Wednesday, August 29, 2007
Tuesday was the first full day of classes for kindergarten students in Steamboat Springs.
Steamboat Springs Lisa Eck couldn't stop smiling as she videotaped her daughter, Lauren, in front of a Soda Creek Elementary School kindergarten class on Lauren's first day of school.
"We actually just moved here about five days ago," said Eck, whose mother, Jaime Frasier, also celebrated Lauren's big day Tuesday. "The first day of school is exciting - it's kindergarten, they can meet new friends and get into the groove of the school year."
Lauren joined 18 classmates in the morning half-day class. Kindergarten is not mandatory in Colorado, but more than 118 students are enrolled in the programs at Soda Creek and Strawberry Park elementary schools.
As Elena Rawlings, 5, strapped on a bike helmet and prepared to ride home in a new pair of galoshes, the kindergartner told her mom she met three new friends Tuesday. The second-generation Soda Creek student added she was happy to finally go to a "big girl school."
"Today was good. I knew she was ready, so we've been preparing for school for a while," Liz Rawlings said. "She is getting bored at home and preschool.
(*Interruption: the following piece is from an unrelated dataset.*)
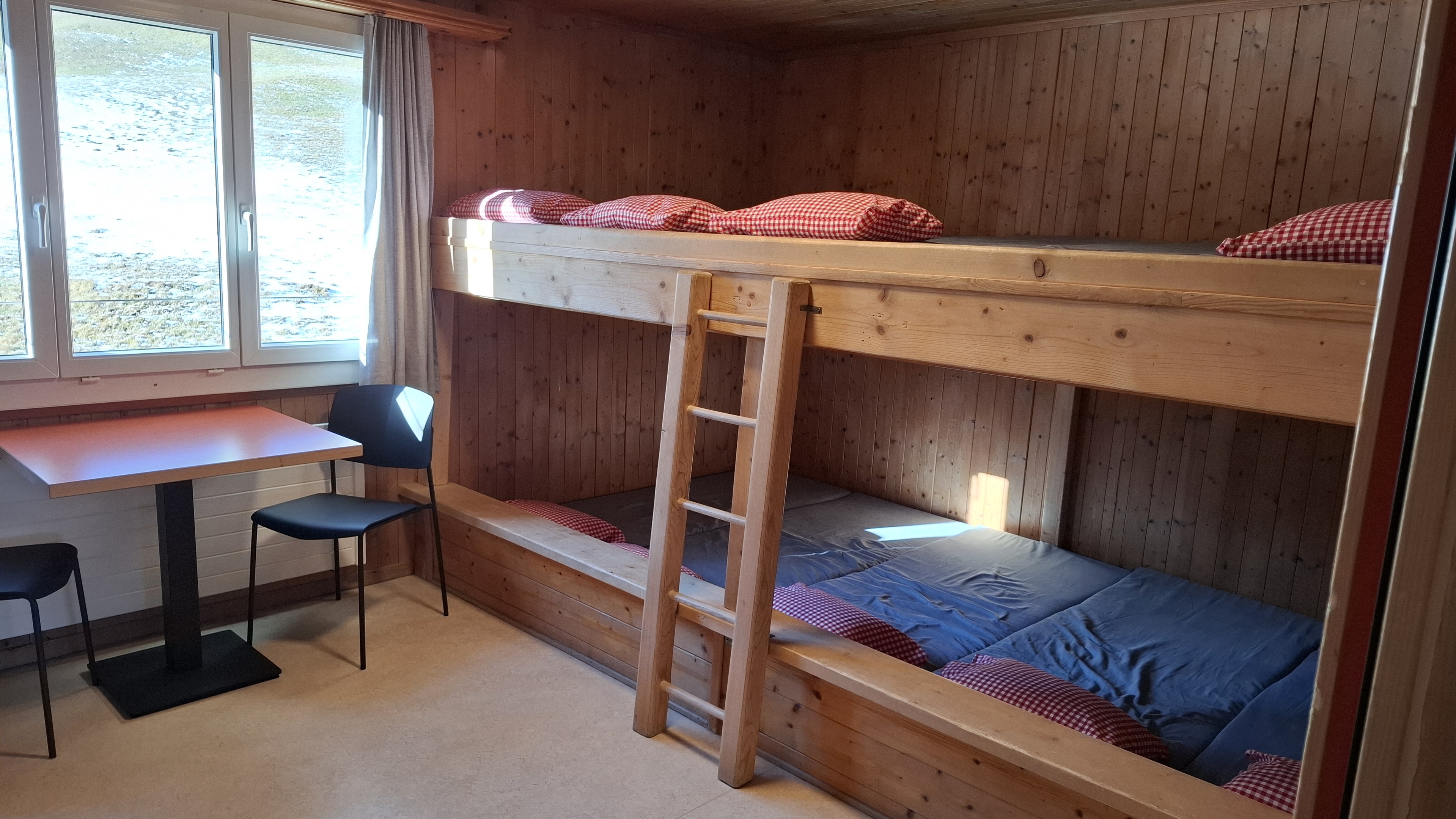 Schlafraum mit Etagenbett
She's ready to be a big girl."
Kindergarten teacher Georgia Ruest said the inevitable first-day tears were lessened because the students were able to visit the classroom Monday in small groups and prepare for the first day.
"We have children come in groups of four or five with their parents," she said. "They are here only 30 minutes, but they go through what a regular day would be like, find their books, go out in the hallway, sign in, sit down and do a daily job and find where the bathroom is."
Ruest said preparing the classroom in the George P. Sauer Human Services Center, which is being used to house kindergarten classes while a new Soda Creek is built just blocks away, was a challenge.
"It took me about three months to pack up the old room," she said. "We only got in the facility about a week ago, but we are so lucky to have this room. It is just perfect for kindergarten. It's a lot to set up a new room, but it went well."
Ruest and student teacher Sarah Burkhart stressed the importance of kindergarten and said they hoped the district would expand the program into an all-day class.
"Kids are ready for a whole day," said Ruest, who noted that students complain about transitioning back to a preschool later in the day after kindergarten lets out.
"At about mid-year, they start complaining that they don't want to go, no matter how good the program is," she said. "It's tough for parents. Most of them work two jobs just to live here. Public school should be providing (full-day) kindergarten at this time."
Eck said she is excited to see the socialization of having Lauren around a group of children her age.
"It's nice to see her have a little bit more of independence and get to go to school," she said. "There were a little bit of tears on the first day : she was nervous. She just wanted to make sure I was picking her up on time."